On Campus

Should profs give points for showing up?

Pettigrew weighs in

Photo by Menno van der Horst on Flickr

With final exams on the way and final grades right behind them, students across the country are wondering where they stand. How much was that mid-term worth? Can I still hand it that essay?

Oh, and what about my attendance grade?

Anyone who’s taught a university course has struggled with the question of attendance grades. The arguments against giving marks for simply showing up are clear. University students are supposed to be adults, and it’s up to them to decide whether they want to be in class or not. Besides, grades should reflect the actual work done in the course: just being there doesn’t mean you’ve learned anything. And giving an attendance grade means taking attendance in each class, and that is boring and time consuming.

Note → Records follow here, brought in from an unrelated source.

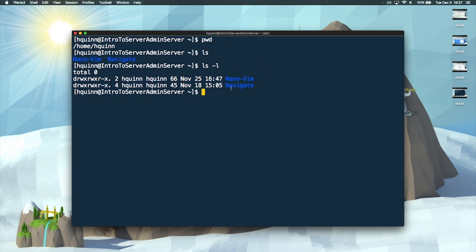Going right to left, it gives us the name of what we're looking at, whether it be a folder or document. It gives us the date of the last time it was modified, the owner of that file, and the group that owns that file. It also gives us the mode. Going left to right, the 'd' tells us it's a directory. Then we have three groups of permissions: the first set of three is for the owner, the next set is for the group that owns the file, and the last set is for everyone else on the server.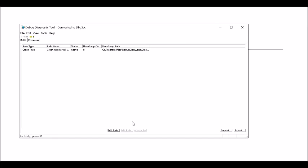Then activate the rule. Whenever the issue resurfaces, you'll see this dump being generated and the count will get incremented.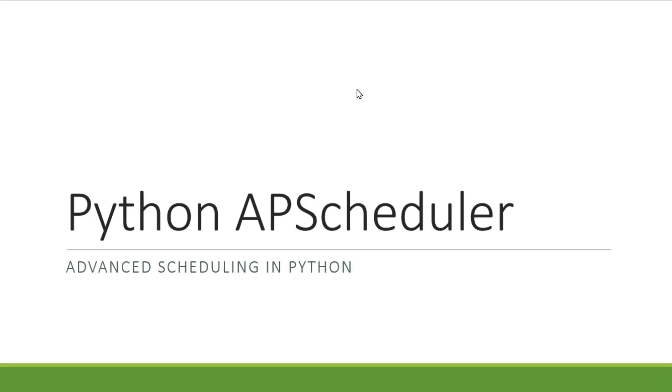Hello and welcome back to the Coders Legacy channel. In this video, we'll be talking about the Python APScheduler Library. The APScheduler Library stands for Advanced Python Scheduler, and as the name implies, it's very powerful and very feature-rich. From my experience, it's the most powerful Python scheduling library that I've seen. So, let's begin.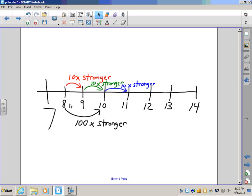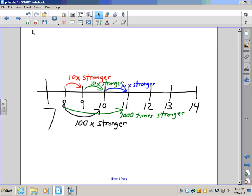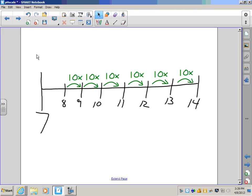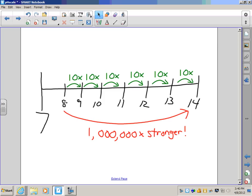To go from a pH of 8 to a pH of 11, how many times stronger? 10 times 10 times 10 — if you said 1,000 times stronger, you'd be correct. How about to go from 8 to 14? If you said 1,000,000 times stronger, you'd be right. The pH scale is logarithmic, meaning these jumps get bigger and bigger every time.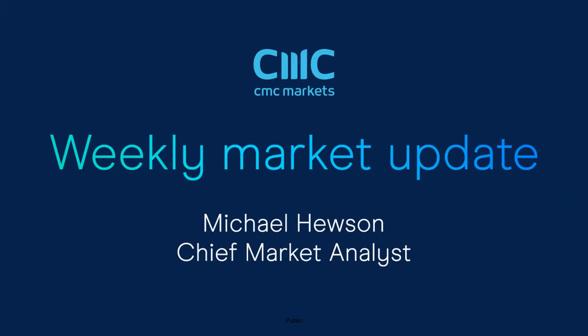Good morning. Welcome to CMC Markets on Friday the 14th of January 2022 and this quick look at the week ahead beginning the 17th of January.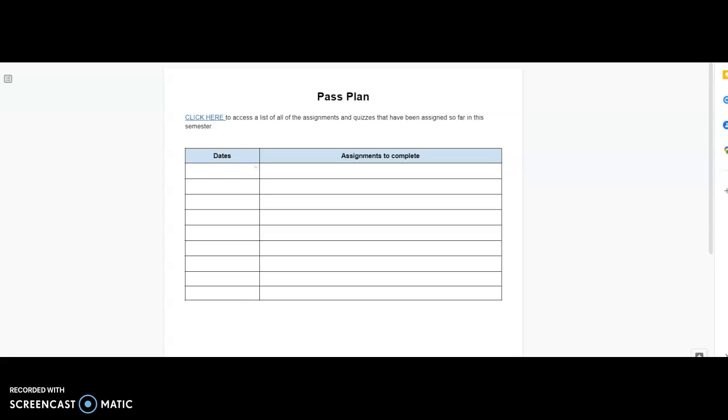So, let's say you're watching this before spring break and you want to have it done by the end of spring break. Today is the 11th and the last day of spring break is 3-27.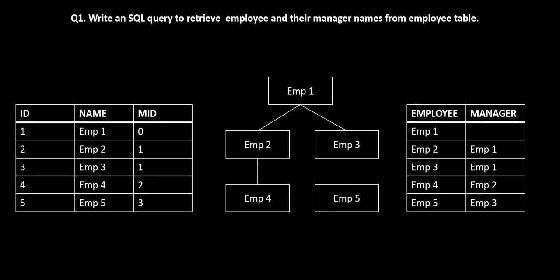Hello guys, welcome to our series on SQL interview questions. Today we are going to solve the most commonly asked SQL interview question which is how to retrieve employees and their managers from the employee table.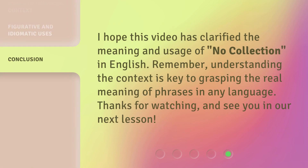I hope this video has clarified the meaning and usage of 'no collection' in English. Remember, understanding the context is key to grasping the real meaning of phrases in any language. Thanks for watching, and see you in our next lesson.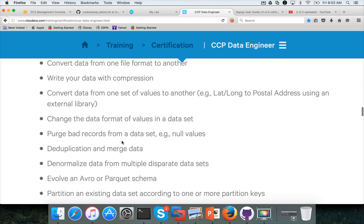Before getting into these things, you first need to understand basic DDLs — how to create tables, how to load data, and all those things. We will start with those first and then move into these topics. Even though they are not explicitly mentioned in the certification objectives, all those foundational things are required.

But the counterarguments suggest themselves immediately. Students want good grades, so an attendance component should lead to better attendance, which might not guarantee that they will learn anything that day, but certainly raises the odds compared to the alternative. Further, some classes have collaborative projects and assignments that can quickly get derailed when people don’t show up.  It’s hard for an acting class to do its scene from Waiting for Godot if they’ve spent the whole term waiting for Gary.

While some US schools have policies that require attendance grades, Canadians have generally been less zealous. At my university, in fact, academic policy requires that no student can fail a class based solely on attendance, and since no one is entirely sure what this policy means, many of us simply avoid giving attendance grades all together. But even in the absence of such a policy, is it really right to fail a student who passed all of her exams and assignments just because she wasn’t there enough?

One way around the issue is not to give attendance grades per se, but rather, participation grades. This can be tricky because it’s sometimes hard to define “participation.” Since many students are reluctant to speak in front of others, some professors consider coming to class itself, and silently paying attention, as a form of participation.

But then we are back to something like an attendance grade, and in any case, participation in the broadest sense is difficult to measure. When I was at the University of Waterloo, there was a story going around where a student in a large class stood up at the end of the semester and asked the professor, “Do you know my name?” The professor confessed that he did not. “Then how,” the student demanded, “can you fairly give me a participation grade?” Whether the story was true or not, it gives one pause.

Still, participation grades remain common, at least in some kinds of courses, because they give a certain amount of credit where credit is due. Most intellectuals will easily agree that part of what we want to teach students is to participate in conversations, to question, to argue. Why shouldn’t we be evaluating students on those skills?

My own practices tend to be a series of compromises. First, in courses where there is a lot of lecturing and essay writing and where it’s unlikely I’ll learn everyone’s name, I tell my students there is an attendance and participation grade. Its 100 per cent. It’s all attendance and participation—because unless you come to class, and listen, and take notes, and study, and do your assignments, unless you attend and participate, you simply won’t be able to learn what you need to learn in the class.

In smaller classes where I can learn everyone’s name and where the nature of the course lends itself to discussion, I include a component that I call a “seminar” grade. But I make it clear that participating in the seminar means speaking up and answering questions, and asking questions. It’s not just showing up.